[TASK ITEM] Repeat the lines from the line with "SCOTTY CAMERON California" to the line with "WEEZER: PINKERTON CD" in the listing below, keeping both end lines and adding nothing.

MATERIAL PROVIDED Block Start

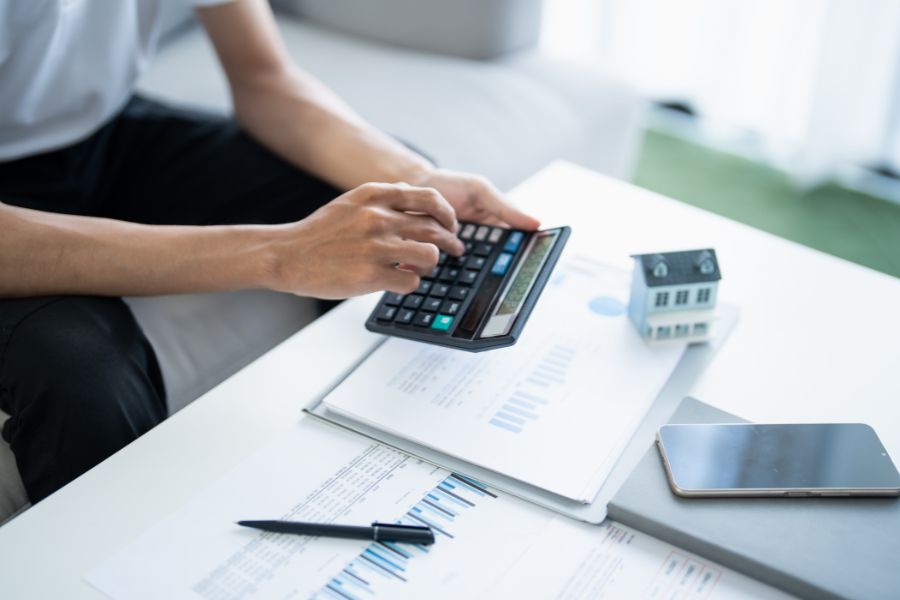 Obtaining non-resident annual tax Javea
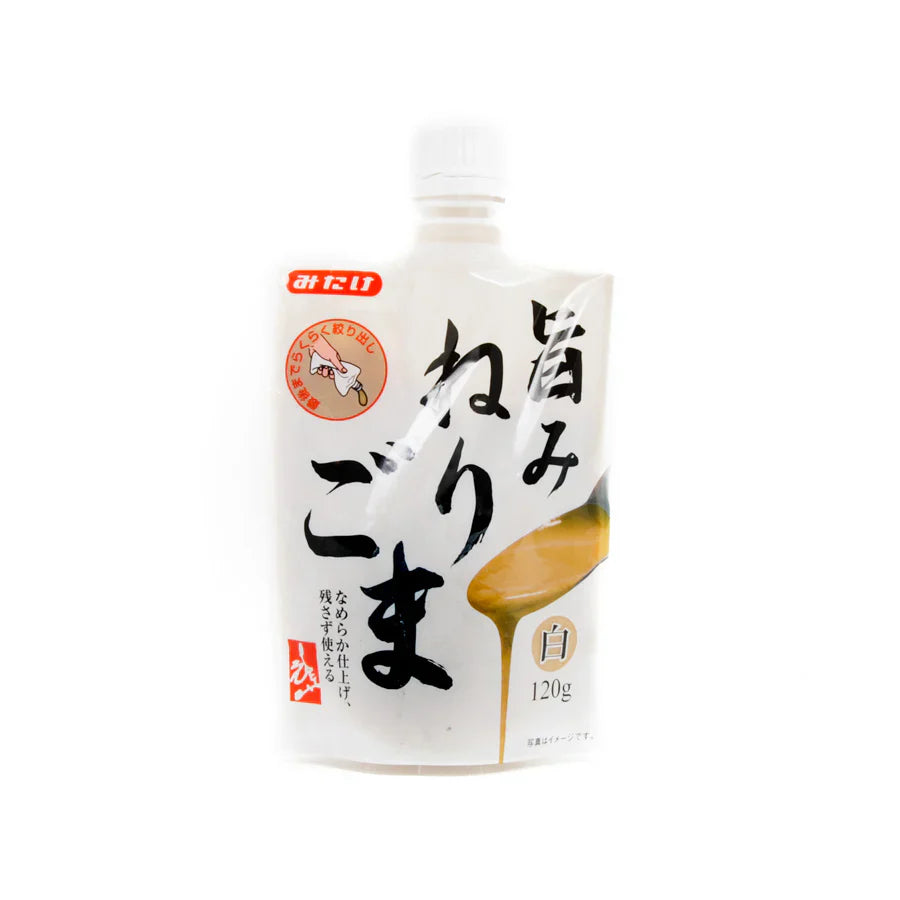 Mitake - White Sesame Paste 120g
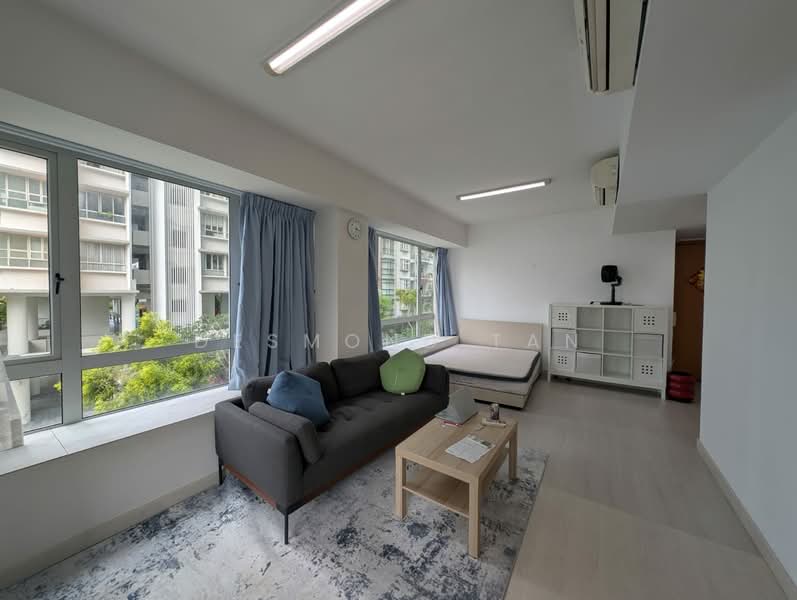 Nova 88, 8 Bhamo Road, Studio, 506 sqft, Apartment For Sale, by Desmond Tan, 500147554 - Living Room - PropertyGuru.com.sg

MATERIAL PROVIDED Block End
MATERIAL PROVIDED Block Start

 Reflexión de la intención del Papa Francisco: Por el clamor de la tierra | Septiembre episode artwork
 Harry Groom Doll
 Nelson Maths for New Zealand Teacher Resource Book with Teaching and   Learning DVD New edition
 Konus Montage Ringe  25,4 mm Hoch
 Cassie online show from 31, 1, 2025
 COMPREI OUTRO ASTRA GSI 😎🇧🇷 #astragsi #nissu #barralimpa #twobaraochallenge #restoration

MATERIAL PROVIDED Block End
MATERIAL PROVIDED Block Start

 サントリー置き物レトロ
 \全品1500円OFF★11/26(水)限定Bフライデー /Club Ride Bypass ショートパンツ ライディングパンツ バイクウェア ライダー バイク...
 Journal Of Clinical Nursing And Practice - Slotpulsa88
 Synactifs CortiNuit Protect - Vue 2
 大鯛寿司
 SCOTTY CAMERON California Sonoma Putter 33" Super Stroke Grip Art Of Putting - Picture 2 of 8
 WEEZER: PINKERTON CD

MATERIAL PROVIDED Block End

[ANSWER BOX]
 SCOTTY CAMERON California Sonoma Putter 33" Super Stroke Grip Art Of Putting - Picture 2 of 8
 WEEZER: PINKERTON CD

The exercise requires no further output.